What else are Contours good for?
Slope steepness.
Depending on how close the contours are to one another, you can determine the steepness of the slope.
The steep slope below Snowdon is exceptionally steep with the arrow distance dropping 350m (read – Cliff!) while the other arrow only falls 50m in the same distance.
Exceptionally steep ground may also feature crags on the map as well as contours being too close together to tell them apart.
Slope Type.
You can also cateogorise the slopes into three different types:
Convex Slopes. These start off shallow or gently, but steepen as you descend. The Killer Convex on the Llanberis Path of Snowdon is a perfect example.
The Llanberis path crosses a reasonably shallow area of slope, with the path often totally obscured in winter conditions.
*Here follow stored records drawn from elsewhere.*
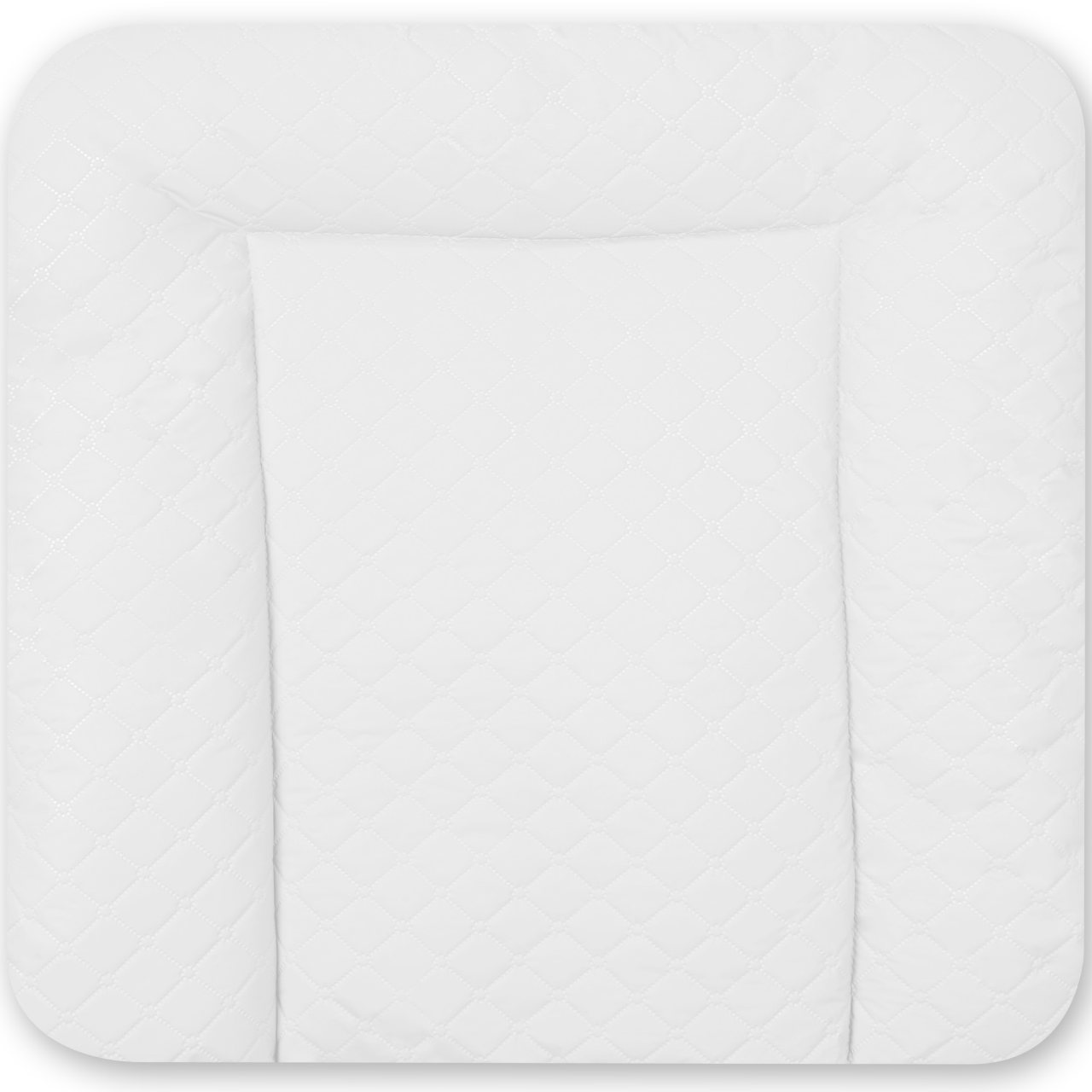 baby'ness Quilted Changing Mat — White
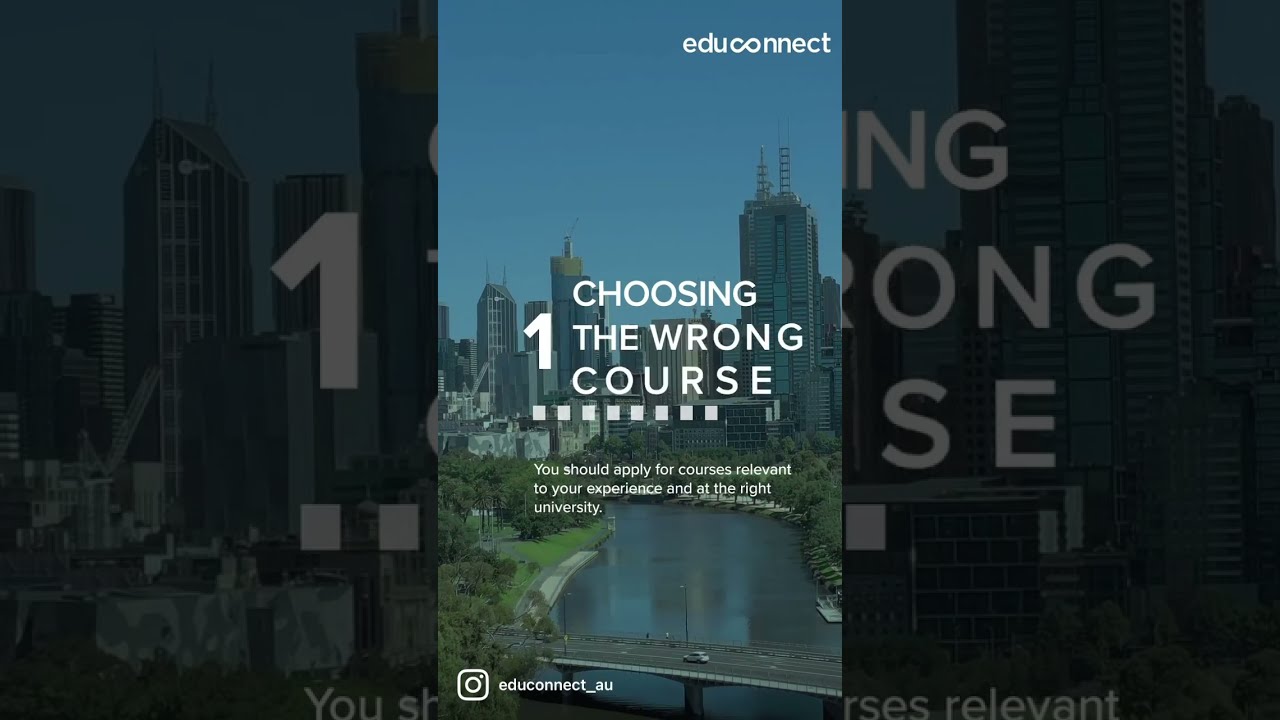 5 Mistakes to avoid when applying to #studyabroadaustralia #internationalstudentsaustralia 🤔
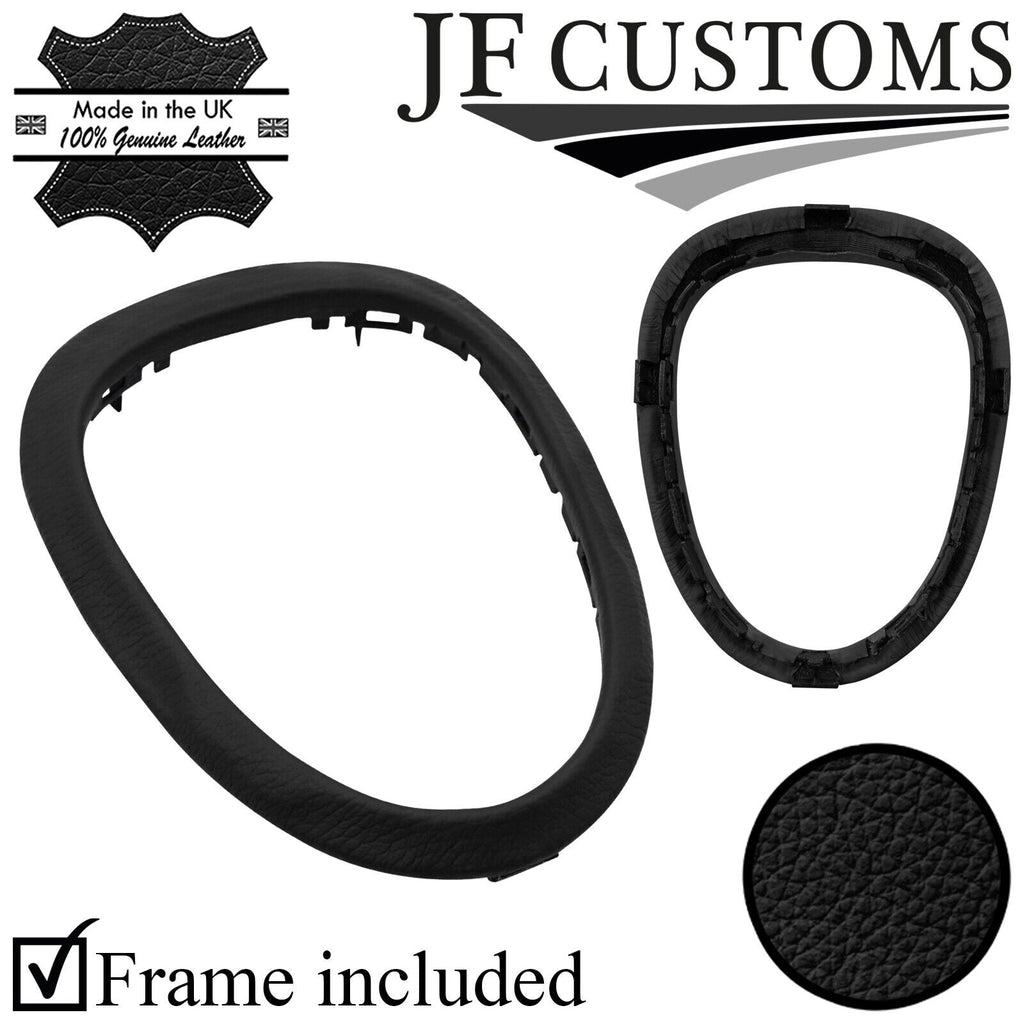 BLACK LEATHER GEAR SURROUND TRIM COVER + FRAME FITS NISSAN JUKE 10-19 CUSTOM NEW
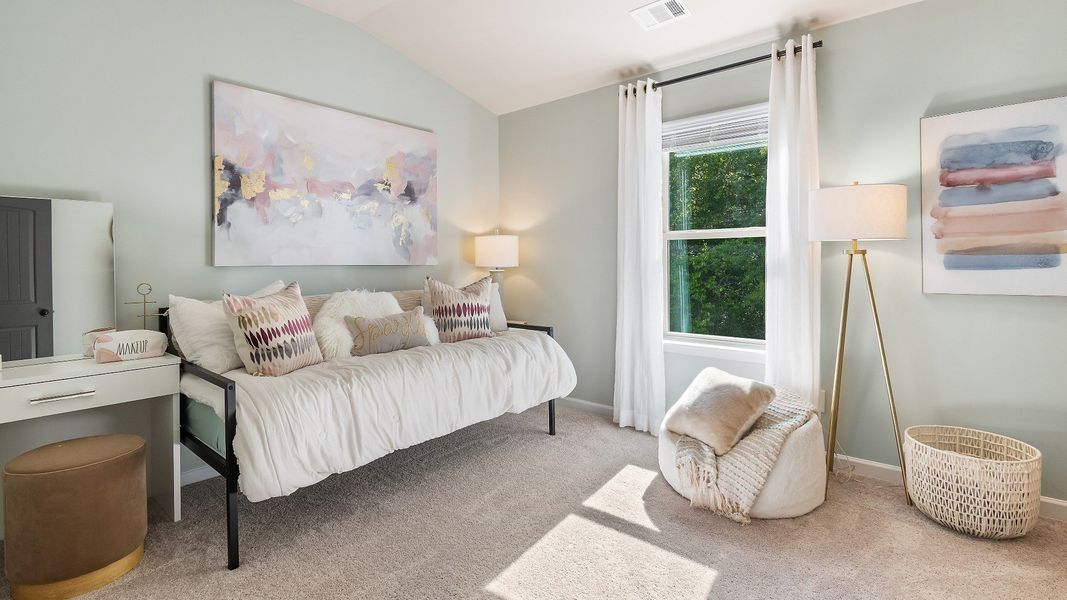 Furnished interior view inside a new home in Camp Creek Village, Atlanta (Image 29).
A slip here often proves fatal, as those unable to arrest their fall will continue to speed down the slope, which steepens and eventually deposits the poor soul over Clogwyn y Garnedd.
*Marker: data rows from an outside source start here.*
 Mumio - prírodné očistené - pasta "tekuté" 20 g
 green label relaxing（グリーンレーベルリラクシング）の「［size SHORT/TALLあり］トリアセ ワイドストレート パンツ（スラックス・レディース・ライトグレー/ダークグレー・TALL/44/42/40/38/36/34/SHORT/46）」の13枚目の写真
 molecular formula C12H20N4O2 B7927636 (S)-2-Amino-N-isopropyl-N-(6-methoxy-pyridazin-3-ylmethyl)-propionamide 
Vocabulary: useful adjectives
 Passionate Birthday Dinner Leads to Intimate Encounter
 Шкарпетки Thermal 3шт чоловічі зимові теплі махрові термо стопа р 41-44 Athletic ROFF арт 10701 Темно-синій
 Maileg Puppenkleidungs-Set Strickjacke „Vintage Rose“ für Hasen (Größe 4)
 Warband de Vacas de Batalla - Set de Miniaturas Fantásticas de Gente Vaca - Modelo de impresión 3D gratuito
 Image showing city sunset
Concave Slopes conversely start off steep but peter out as you descend.
Some Slopes are just boring and uniform. Though a uniform slope can also be a shallow / gentle slope or steep.
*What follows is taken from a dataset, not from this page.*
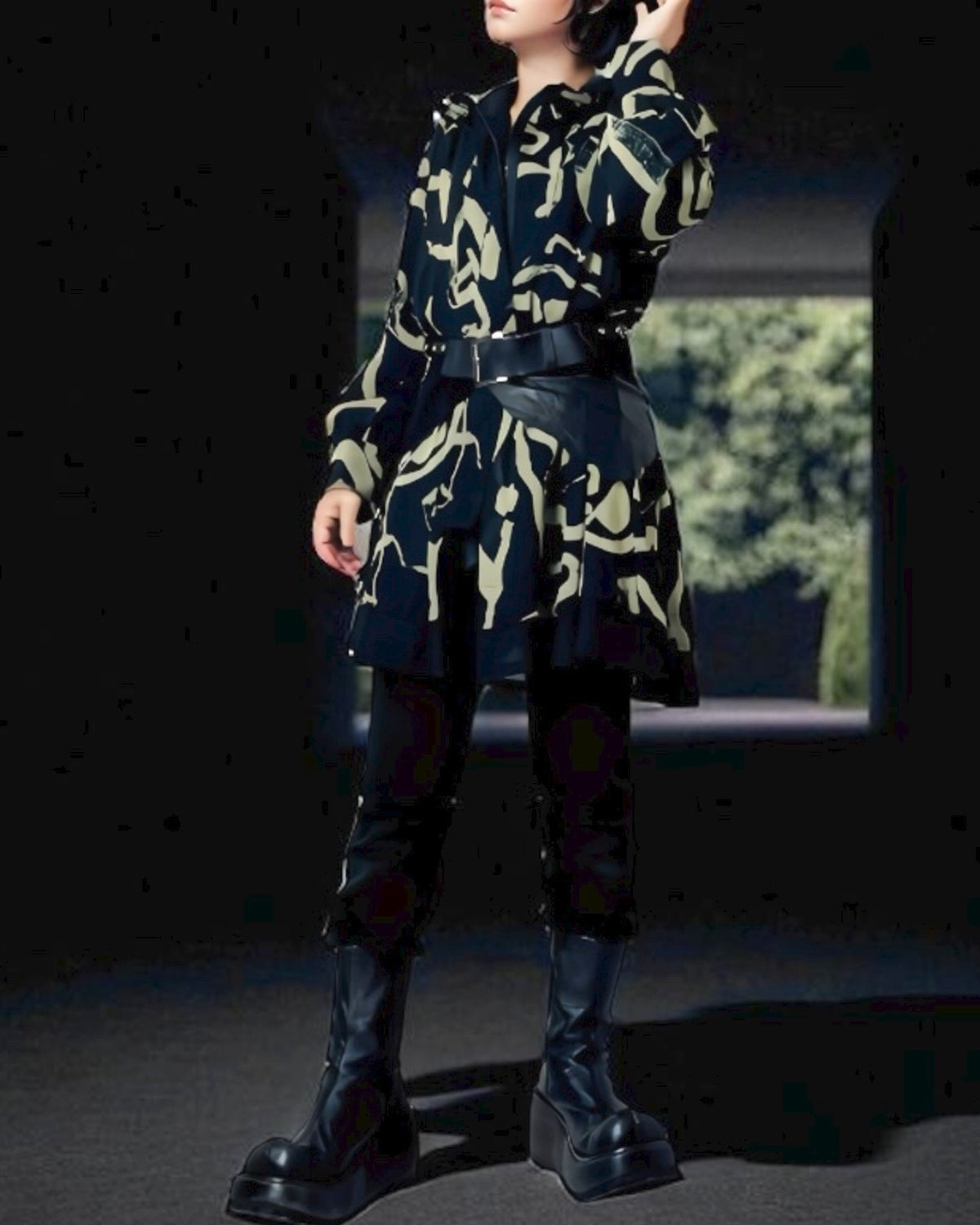 イークラット/エターナリーブレイズ　上品なチェック柄パンツスーツ イークラット/エターナリーブレイズ上品なチェック柄パンツスーツ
Distinguishing High and Low ground?
Valleys and re-entrants easier to find as there’s often a stream on these and not running along top of a ridge! For the record, a re-entrant is simply an area of low ground, a valley on a smaller scale but tends to perpendicular to the ridge as opposed to the valley that’s parallel.
You can also determine the high ground from the direction that scree is drawn on the map – the large boulders are at the base of the slope, with debris drawn behind it. Crags are also drawn in such a way that once you see it, it’s obviously high ground.
Small Contour features such as ring contours.
Ring contours are usually small individual contour rings that indicate an area of elevated ground. They usually consist of no more than one ring, and the ones below show high points along a ridge.
The photo below shows the actual location – Bwlch Main on Yr Wyddfa, and what is one of the ring contours above.
Finally, spurs and re entrants can be tiny on the map, but much more obvious on the ground. A Spur is to a ridge as a re-entrant is to a valley (no, this isn’t a MENSA test) – or defined :
A spur is a lateral ridge or tongue of land descending from a hill, mountain or main crest of a ridge (Wikipedia).
Looking at the map below- from the col (which is a term for the low bit of land between two higher ones, or a pass) – you can see there’s a spur reaching down into the valley.
You can clearly see the spur in the image below as well as the valley to the right.
We could go on, but there are so many features that we could mention that there’s just no the space here. We could mention hanging valleys, aretes and so on, but it would soon turn into a GCSE Geography lesson. For an exhaustive list – Wikipedia as usual has a list of landforms.